Video Understanding

Video Understanding : Understanding, searching and organizing dynamic video content

Automatic understanding and interpretation of video content 1 is a key enabling factor for a range of practical applications such as organizing and searching home videos or content-aware video advertising. For example, interpreting videos of “making a birthday cake” or “planting a tree” could provide effective means for advertising products in local grocery stores or garden centers.

The goal of this work is to automatically generate annotations of complex dynamic events in video. We wish to deal with events involving multiple people interacting with each other, objects and the scene, for example people at a party in a house. The goal is to generate structured annotations going beyond simple tags. Examples include entire text sentences describing the video content as well as bounding boxes or segmentations spatially and temporally localizing the described objects and people in video. Such annotations will in turn open-up the possibility to organize and search video content using well-developed technology from e.g text search or natural language processing.

We build on the considerable progress in visual object, scene and human action recognition achieved in the last ten years, as well as the recent advances in large-scale machine learning that enable optimizing complex structured models using massive sets of data. In particular, we develop structured video representations of people, objects and scenes, able to describe their complex interactions as well as their long-term evolution in the dynamic scene.

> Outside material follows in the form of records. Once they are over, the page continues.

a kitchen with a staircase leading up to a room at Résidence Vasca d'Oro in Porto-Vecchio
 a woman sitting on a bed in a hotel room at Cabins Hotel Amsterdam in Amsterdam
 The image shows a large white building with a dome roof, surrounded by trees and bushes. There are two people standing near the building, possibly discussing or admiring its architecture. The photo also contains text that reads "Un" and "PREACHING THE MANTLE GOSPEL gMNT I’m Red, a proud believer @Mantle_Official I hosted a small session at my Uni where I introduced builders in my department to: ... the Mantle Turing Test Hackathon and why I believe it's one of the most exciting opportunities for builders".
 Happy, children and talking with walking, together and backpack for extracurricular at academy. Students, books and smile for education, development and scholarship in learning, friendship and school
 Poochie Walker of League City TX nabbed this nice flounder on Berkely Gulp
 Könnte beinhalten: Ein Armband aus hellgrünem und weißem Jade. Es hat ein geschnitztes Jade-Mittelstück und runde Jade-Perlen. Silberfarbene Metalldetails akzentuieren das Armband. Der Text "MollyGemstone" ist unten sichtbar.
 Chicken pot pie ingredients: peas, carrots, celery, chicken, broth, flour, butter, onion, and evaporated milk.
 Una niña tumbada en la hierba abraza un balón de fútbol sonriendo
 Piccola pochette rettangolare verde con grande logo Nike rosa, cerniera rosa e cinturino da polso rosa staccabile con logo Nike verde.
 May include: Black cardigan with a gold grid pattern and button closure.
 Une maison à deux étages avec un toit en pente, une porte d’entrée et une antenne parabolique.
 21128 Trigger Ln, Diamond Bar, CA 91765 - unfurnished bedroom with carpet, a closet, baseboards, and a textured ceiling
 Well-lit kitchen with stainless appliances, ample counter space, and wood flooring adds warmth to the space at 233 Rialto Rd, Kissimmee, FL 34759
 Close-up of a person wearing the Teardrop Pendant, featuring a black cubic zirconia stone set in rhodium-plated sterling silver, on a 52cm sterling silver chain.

To this end, we investigate different models of the video stream including: (i) designing explicit representations of scene geometry together with scene entities and their interactions as well as (ii) directly learning mid-level representations of spatio-temporal video content using dictionary learning or convolutional neural networks.

To train the developed models we design weakly-supervised learning methods making use of videos and the associated readily-available metadata such as text, speech or associated depth (in the case of 3D videos).

To enable accessing the massive amounts of available video data we also develop representations that allow for efficient extraction and indexing. We believe such models and methods are required to make a breakthrough in automatic understanding of dynamic video scènes.